The Wall Street Journal reported this morning that EU regulators have announced a third investigation into Microsoft's conduct on the desktop. This latest action demonstrates that while the EU has settled the case against Microsoft that ran for almost a decade, it remains as suspicious as ever regarding the software vendor's conduct, notwithstanding Microsoft's less combative stance in recent years. The news can be found in a story reported by Charles Forelle bylined in Brussells this morning.
According to the Journal, the investigation will focus on whether Microsoft "violated antitrust laws during a struggle last year to ratify its Office software file format as an international standard." The article also says that the regulators are "stepping up scrutiny of the issue." The Journal cites the following as the type of activity it will look into:
In the months and weeks leading up to [last summer's vote on OOXML], Microsoft resellers and other allies joined standards bodies en masse -- helping swell the Italian group, for instance, from a half-dozen members to 85. Opponents said Microsoft stacked committees. People familiar with the matter say EU regulators are now questioning whether Microsoft's actions were illegal. Microsoft said at the time that any committee expansion had the effect of making more voices heard; it also said rival International Business Machines Corp. mobilized on the other side of the vote.

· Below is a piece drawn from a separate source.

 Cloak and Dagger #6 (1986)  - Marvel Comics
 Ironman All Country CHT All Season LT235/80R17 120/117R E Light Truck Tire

A Microsoft spokesman referred to a statement issued last month, in which the company said it would "cooperate fully" with the EU regulator and was "committed to ensuring" the company is in compliance with EU law.
This newest investigation follows only one month after the EU announced two other investigations, one into the integration of Microsoft's Internet Explorer Web browser into Office and Windows over competing alternatives, and another relating to the degree and ease of interoperability that Microsoft permits other vendors to achieve with Office.
The investigation will be especially welcome in standards circles, due to the wide range of reports from the field alleging misconduct by Microsoft. Although, as noted in the Journal article, Microsoft has claimed that IBM has engaged in similar conduct, I am not personally aware of any such incidents that have been reliably reported.
The results of this new investigation will, unfortunately, take far too long to become public to have much impact on the upcoming final vote on OOXML. Still, the fact that the EU is opening an investigation into Microsoft's conduct - and no one else's - is telling.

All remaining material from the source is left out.